ホンネとタテマエ・・・大相撲のゴタゴタ



 大相撲が混乱している。昨日今日あたり、さまざまな処分や方針が決まって、およそ一段落といった所かと思うが、懸賞金の中止や、放映に関わるゴタゴタなど、もうしばらくは尾を引くことだろう。

 だいたい世の中が大騒ぎする時に限って、斜に構える傾向の強い私であるが、今回も例外ではない。そもそも力士が賭け事に興じたことの社会的影響の大きさなんて、必ずしも力士の悪事が大きいのではなく、メディアが異常に発達した結果なのである。メディアが今のように化け物のごとく発達していなければ、全ては内輪のゴタゴタに過ぎなかったのである。大嶽親方(元貴闘力)のように数千万円の単位ともなると、ことはいささか深刻であるが(暴力団との関係については更にケシカラン。しかし、無自覚であったとすれば、事情が明らかになった後に責めても仕方がない)、そうでなければ、これを大騒ぎすることによって、自分の身に危機を感じる人も少なくあるまい。

 そのことから関係して、私が困ったことだと思うのは、メディアによって公の場に引き出されてしまうと、事は全てタテマエによって裁かれるしかないということである。物事には大抵の場合、ホンネとタテマエがあるのだが、私はホンネは下に根ざし、タテマエは上に基づくと思っている。つまり、ホンネが人間の自然な生活と感情に基づくのに対し、タテマエというのは形式的である。政治の世界では、何事かが「民意」によって求められはしたものの、それが実現困難であるために、いかにも「民意」を反映させたふりをするというパフォーマンスが行われる。規則はもめ事が起こった時にのみ適用されるべきものであるのに、もめ事が起こらなくても、規則があることによって守る義務が生じ、いわゆる「融通」が利かなくなる。それがタテマエというやつだ。それは一見いかにも「民意」であり、合理的であるために誰も表だって反対は出来ない。しかし、人間という生き物がもともと合理的ではないために、その合理性は人間にとって不合理である。

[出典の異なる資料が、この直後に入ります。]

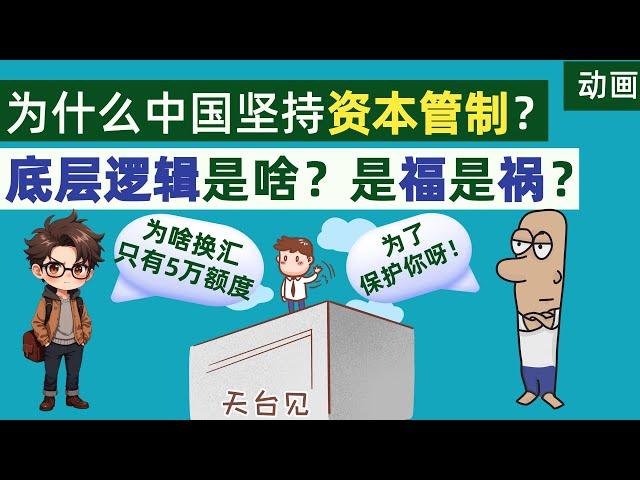 为什么中国坚持资本管制？底层逻辑是啥？是福还是祸？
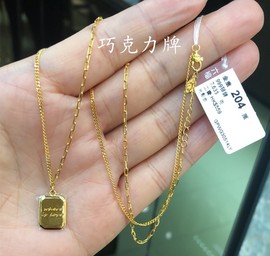 香港六福珠宝999.9足金黄金巧克力牌黄金项链可调节女款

 白鴎の賭け花札が、お詫びで済んだのは一抹の救いである。世の中には決して許してはいけない悪があるのも確かだが、なんでもやっつければ世の中が良くなる、というものでもない。人間が、生み出した科学技術を、いかなる弊害があろうとも使わずにはいられないのと同様、人間はメディアの暴走も止められず、メディアが暴走すれば、タテマエが威張り始める。これによって、人間の持つ不合理さが許容されず、人間の本性とむしろ反対の方向へばかり進むことを強いられるようになるというのは、なんと窮屈なことであろうか。私の目に見える問題は、決して野球賭博ではない。